Top of RECORDS SHOWN
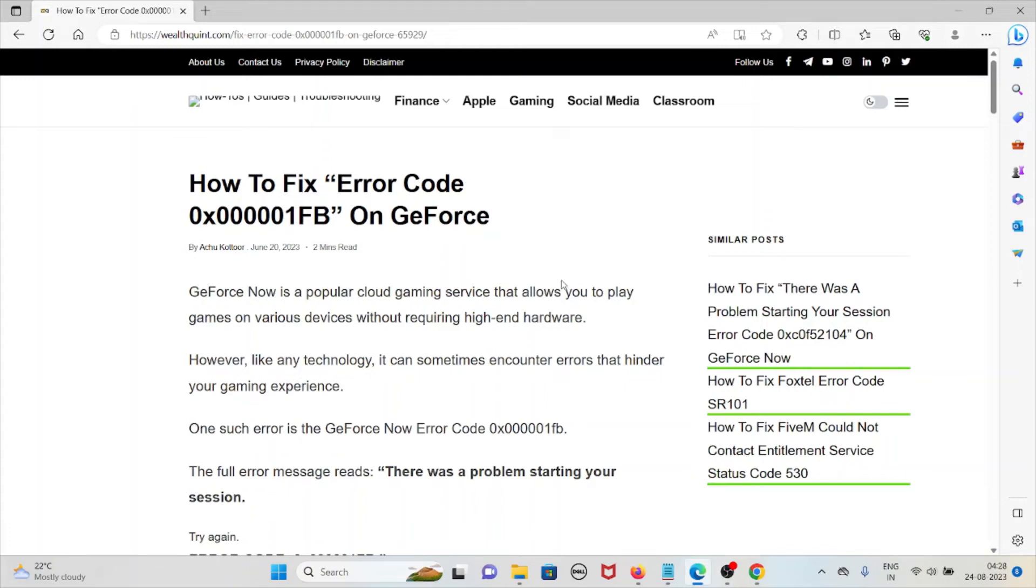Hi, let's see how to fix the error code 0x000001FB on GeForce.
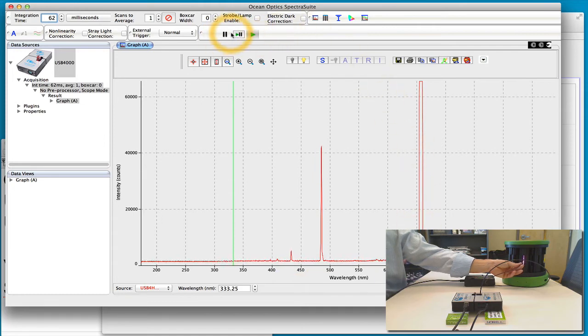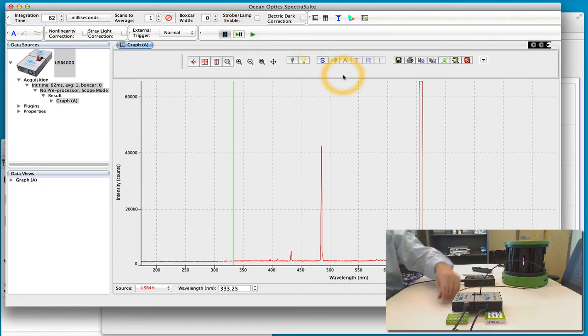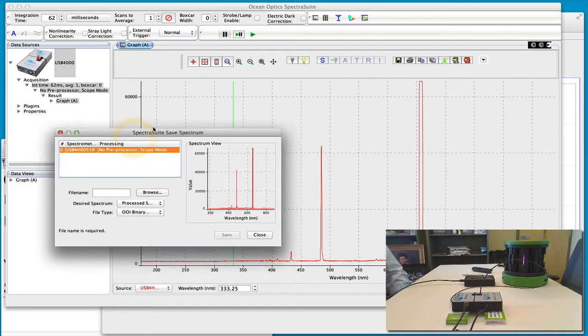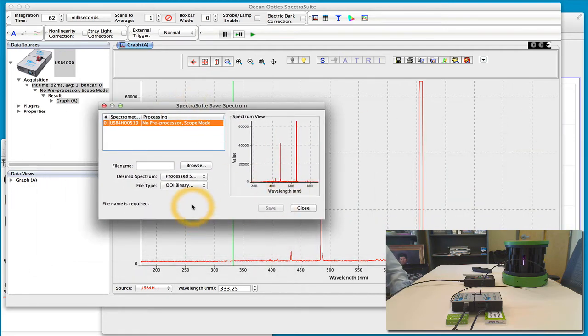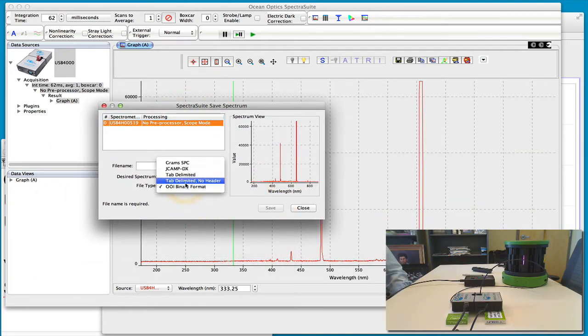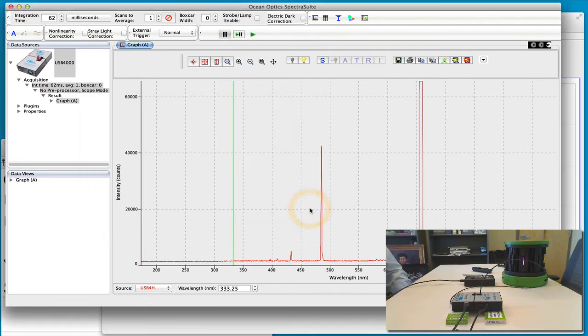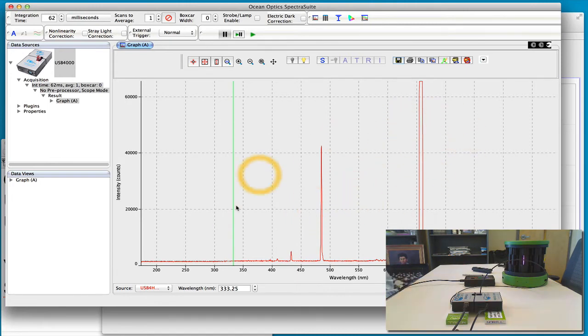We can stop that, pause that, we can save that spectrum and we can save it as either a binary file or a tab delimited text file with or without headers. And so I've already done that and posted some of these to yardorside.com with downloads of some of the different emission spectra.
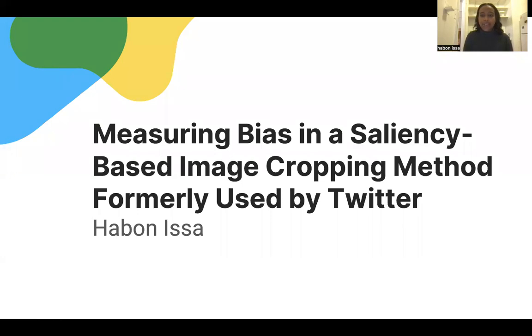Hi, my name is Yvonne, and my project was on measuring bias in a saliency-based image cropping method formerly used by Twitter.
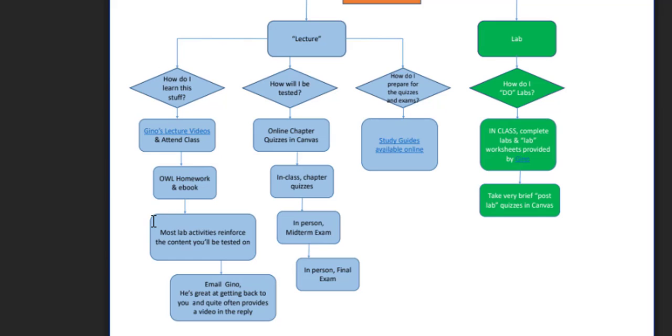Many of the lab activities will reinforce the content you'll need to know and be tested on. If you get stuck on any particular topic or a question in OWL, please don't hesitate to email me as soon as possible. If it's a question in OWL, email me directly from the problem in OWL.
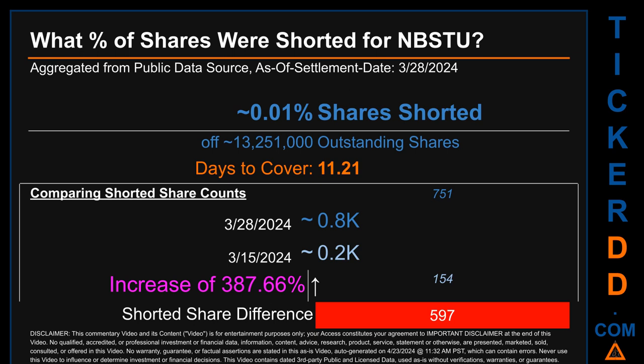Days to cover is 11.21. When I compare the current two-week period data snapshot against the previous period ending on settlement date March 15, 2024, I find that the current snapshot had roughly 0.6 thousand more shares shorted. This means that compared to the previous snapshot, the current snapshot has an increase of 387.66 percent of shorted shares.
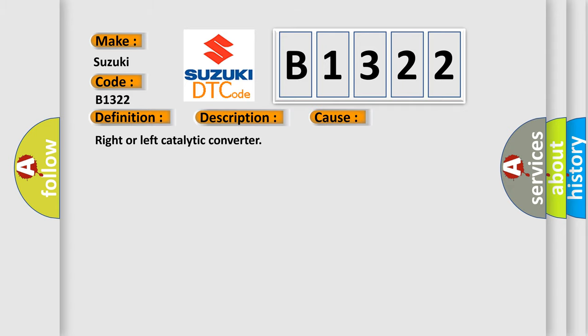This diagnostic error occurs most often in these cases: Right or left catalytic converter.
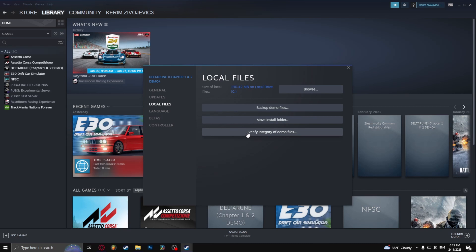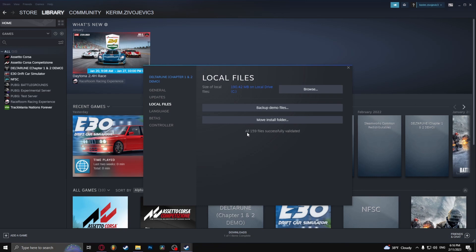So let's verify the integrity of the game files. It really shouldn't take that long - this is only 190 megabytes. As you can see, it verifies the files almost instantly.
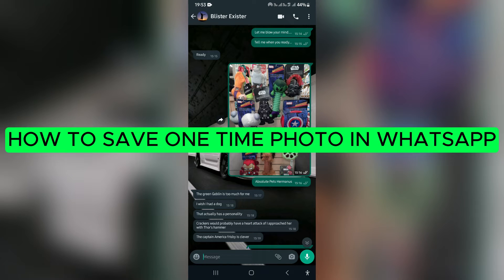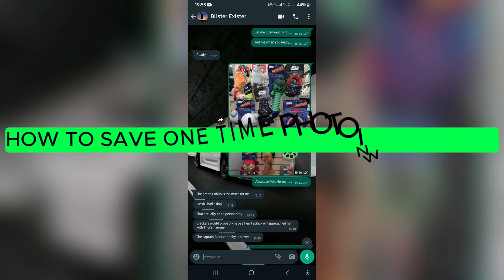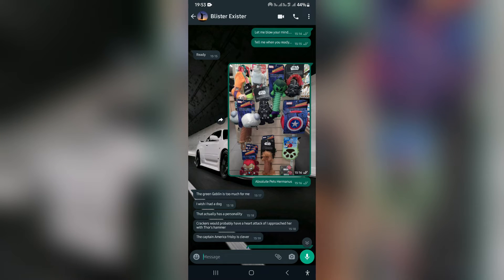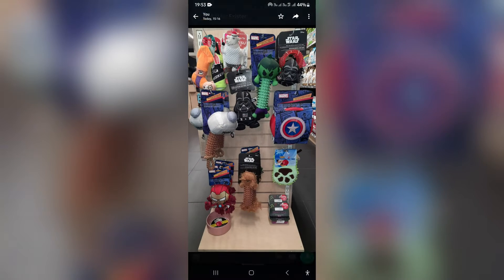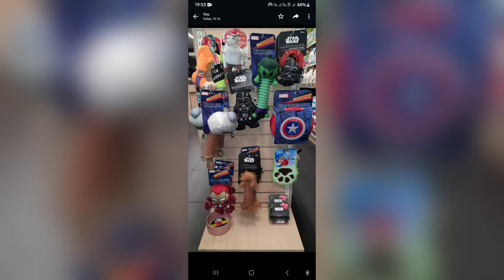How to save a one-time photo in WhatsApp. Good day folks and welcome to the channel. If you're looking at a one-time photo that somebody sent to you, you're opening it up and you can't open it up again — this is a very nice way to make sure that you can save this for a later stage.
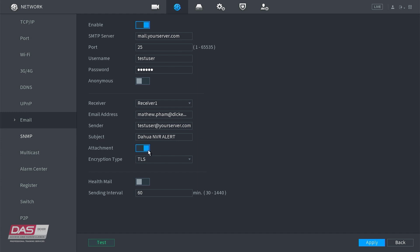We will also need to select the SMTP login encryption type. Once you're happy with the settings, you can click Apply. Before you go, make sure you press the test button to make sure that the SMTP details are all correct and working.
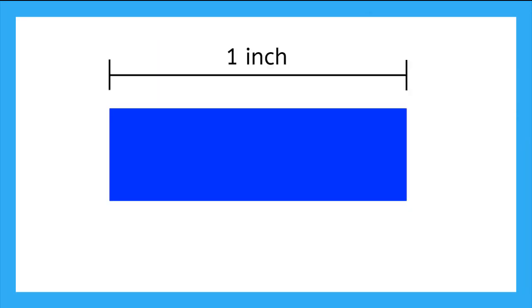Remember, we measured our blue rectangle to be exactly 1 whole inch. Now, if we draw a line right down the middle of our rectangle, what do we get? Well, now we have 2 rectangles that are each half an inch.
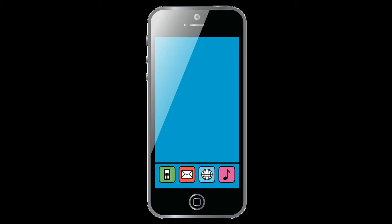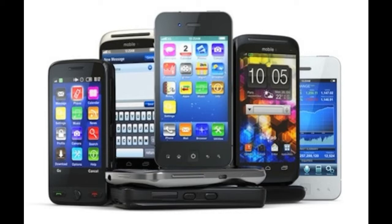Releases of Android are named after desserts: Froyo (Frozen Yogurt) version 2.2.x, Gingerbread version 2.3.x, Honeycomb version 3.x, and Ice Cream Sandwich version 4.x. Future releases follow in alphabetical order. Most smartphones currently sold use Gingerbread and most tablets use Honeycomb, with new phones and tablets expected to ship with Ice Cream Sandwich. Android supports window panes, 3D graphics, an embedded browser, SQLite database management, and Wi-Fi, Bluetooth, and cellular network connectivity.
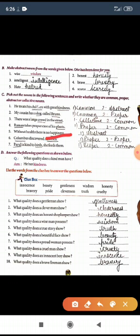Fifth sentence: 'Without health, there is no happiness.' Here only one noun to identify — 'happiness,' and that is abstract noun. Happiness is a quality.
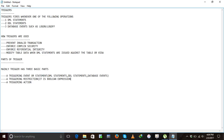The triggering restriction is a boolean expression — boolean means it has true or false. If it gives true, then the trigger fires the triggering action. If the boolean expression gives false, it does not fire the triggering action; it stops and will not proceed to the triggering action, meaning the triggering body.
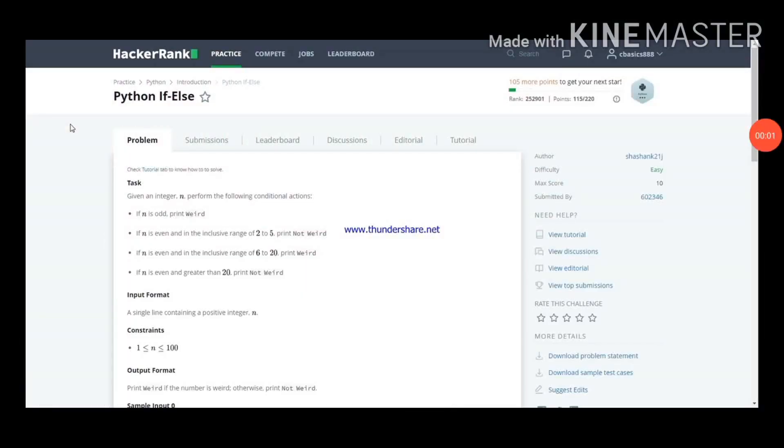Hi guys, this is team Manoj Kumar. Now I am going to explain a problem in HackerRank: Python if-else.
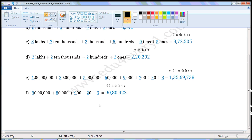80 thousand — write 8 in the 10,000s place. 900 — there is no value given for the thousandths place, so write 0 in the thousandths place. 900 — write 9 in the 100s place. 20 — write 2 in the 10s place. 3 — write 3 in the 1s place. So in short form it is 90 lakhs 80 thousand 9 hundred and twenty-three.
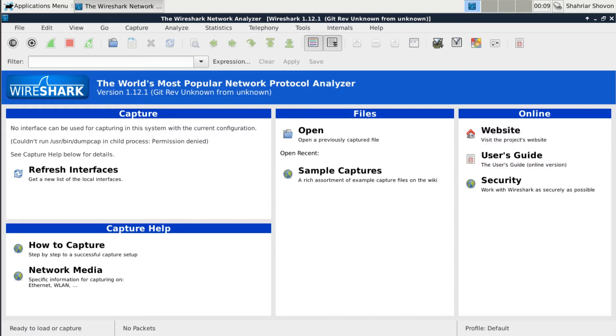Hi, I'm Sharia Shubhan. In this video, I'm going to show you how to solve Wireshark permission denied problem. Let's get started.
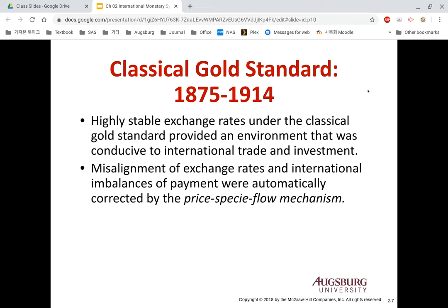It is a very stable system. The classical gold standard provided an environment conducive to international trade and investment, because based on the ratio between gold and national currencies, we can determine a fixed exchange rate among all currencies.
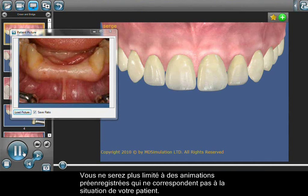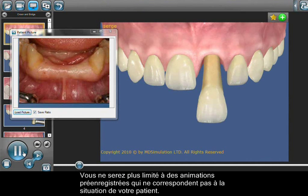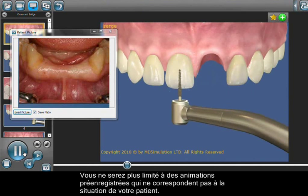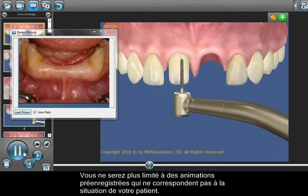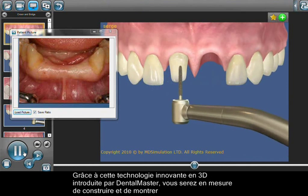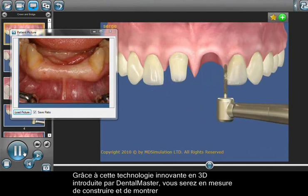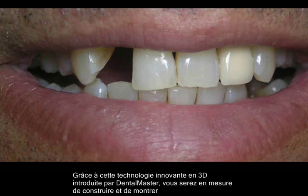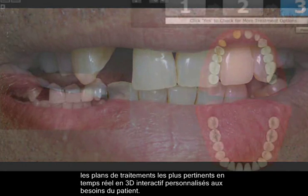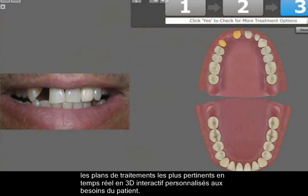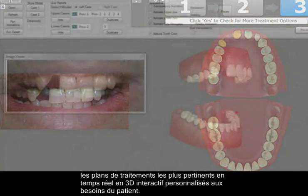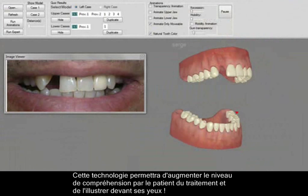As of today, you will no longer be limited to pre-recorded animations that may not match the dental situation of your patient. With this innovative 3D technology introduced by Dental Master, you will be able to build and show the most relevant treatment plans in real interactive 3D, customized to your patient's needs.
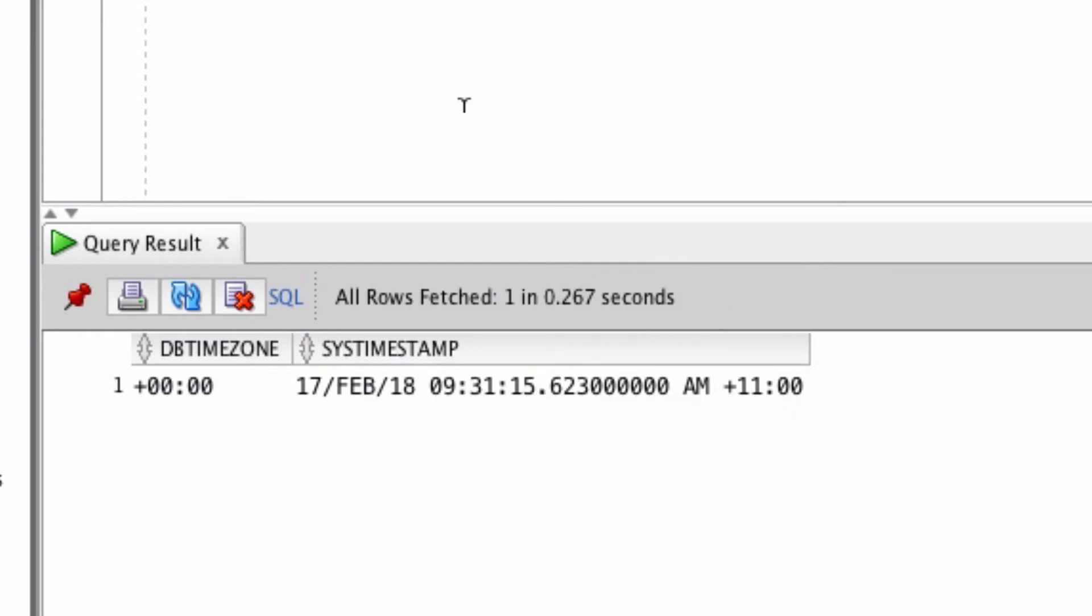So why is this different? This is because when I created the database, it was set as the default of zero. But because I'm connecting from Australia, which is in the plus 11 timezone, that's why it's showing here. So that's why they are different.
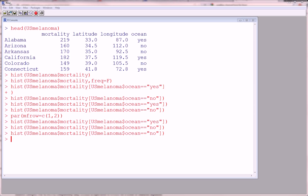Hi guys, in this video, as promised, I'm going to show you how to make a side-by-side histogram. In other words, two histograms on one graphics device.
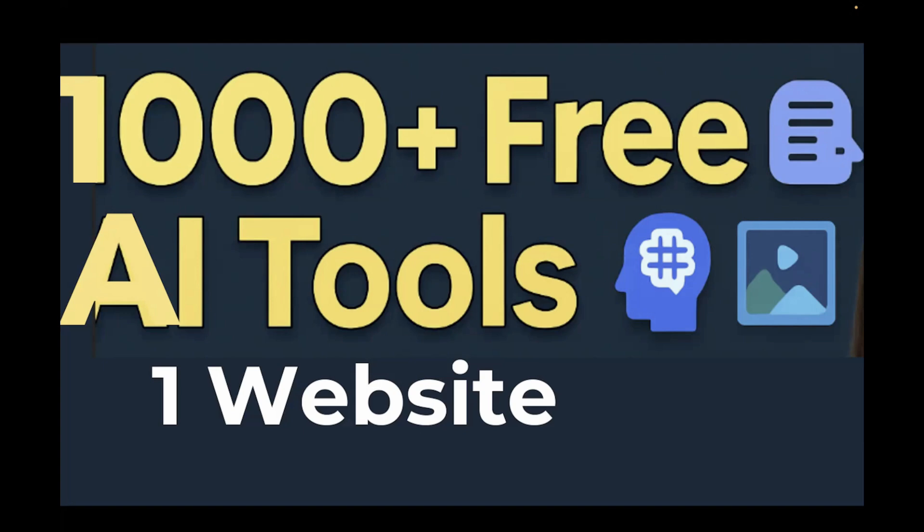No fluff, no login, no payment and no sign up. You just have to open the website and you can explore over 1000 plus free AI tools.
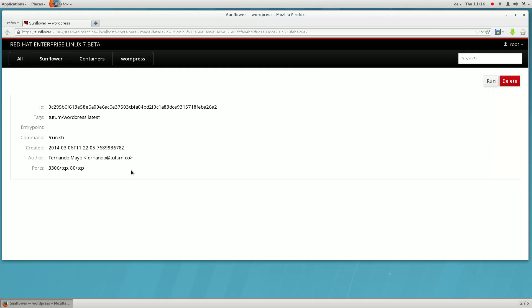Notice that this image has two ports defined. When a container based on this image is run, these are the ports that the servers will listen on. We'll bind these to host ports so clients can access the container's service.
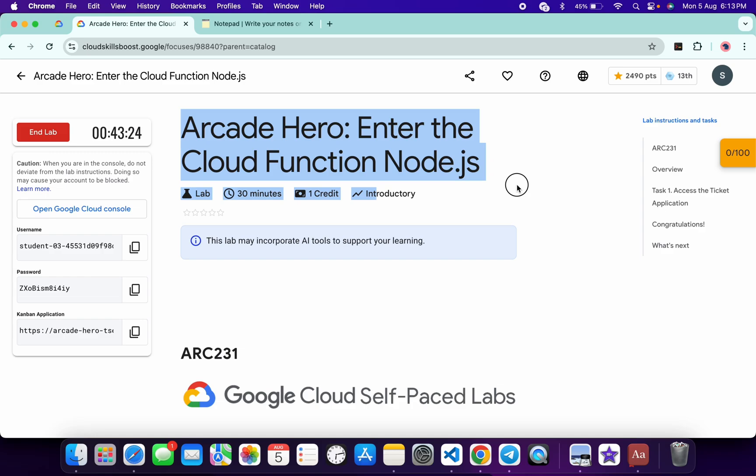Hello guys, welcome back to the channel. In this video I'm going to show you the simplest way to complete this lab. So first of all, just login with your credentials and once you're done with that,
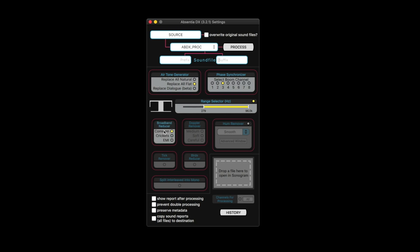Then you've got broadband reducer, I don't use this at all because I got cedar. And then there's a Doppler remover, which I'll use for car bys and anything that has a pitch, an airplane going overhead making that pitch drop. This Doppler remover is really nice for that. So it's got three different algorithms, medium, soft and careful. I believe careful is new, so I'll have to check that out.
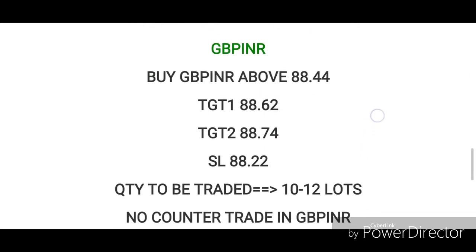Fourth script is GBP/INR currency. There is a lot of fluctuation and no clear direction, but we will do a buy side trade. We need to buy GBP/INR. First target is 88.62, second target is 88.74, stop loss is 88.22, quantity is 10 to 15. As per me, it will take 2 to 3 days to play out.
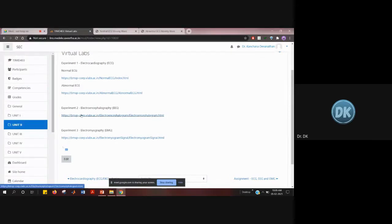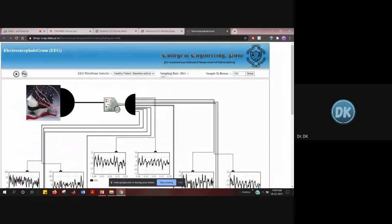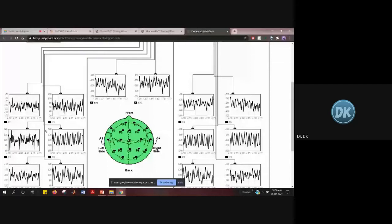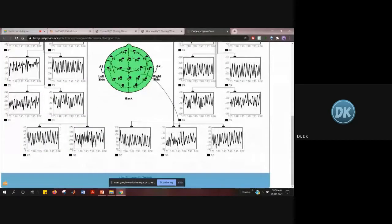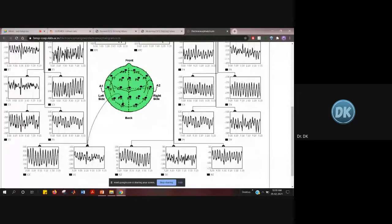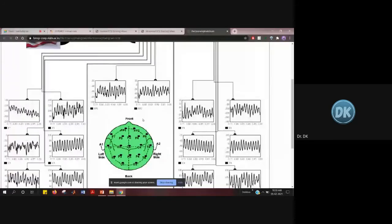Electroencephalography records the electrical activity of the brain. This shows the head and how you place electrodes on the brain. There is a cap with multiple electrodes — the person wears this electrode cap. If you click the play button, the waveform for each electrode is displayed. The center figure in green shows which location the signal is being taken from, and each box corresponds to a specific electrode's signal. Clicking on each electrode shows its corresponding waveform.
Bottom of RECORDS SHOWN
[PROMPT]
The answer must be the lines above, word for word, from the first one through the line with "We will also", pictures excluded.

[REPLY]
Hi, let's see how to fix the error code 0x000001FB on GeForce.
We can stop that, pause that, we can save that spectrum and we can save it as either a binary file or a tab delimited text file with or without headers. And so I've already done that and posted some of these to yardorside.com with downloads of some of the different emission spectra.
Hi, my name is Yvonne, and my project was on measuring bias in a saliency-based image cropping method formerly used by Twitter.
Many of the lab activities will reinforce the content you'll need to know and be tested on. If you get stuck on any particular topic or a question in OWL, please don't hesitate to email me as soon as possible. If it's a question in OWL, email me directly from the problem in OWL.
Days to cover is 11.21. When I compare the current two-week period data snapshot against the previous period ending on settlement date March 15, 2024, I find that the current snapshot had roughly 0.6 thousand more shares shorted. This means that compared to the previous snapshot, the current snapshot has an increase of 387.66 percent of shorted shares.
This diagnostic error occurs most often in these cases: Right or left catalytic converter.
So let's verify the integrity of the game files. It really shouldn't take that long - this is only 190 megabytes. As you can see, it verifies the files almost instantly.
How to save a one-time photo in WhatsApp. Good day folks and welcome to the channel. If you're looking at a one-time photo that somebody sent to you, you're opening it up and you can't open it up again — this is a very nice way to make sure that you can save this for a later stage.
We will also need to select the SMTP login encryption type. Once you're happy with the settings, you can click Apply. Before you go, make sure you press the test button to make sure that the SMTP details are all correct and working.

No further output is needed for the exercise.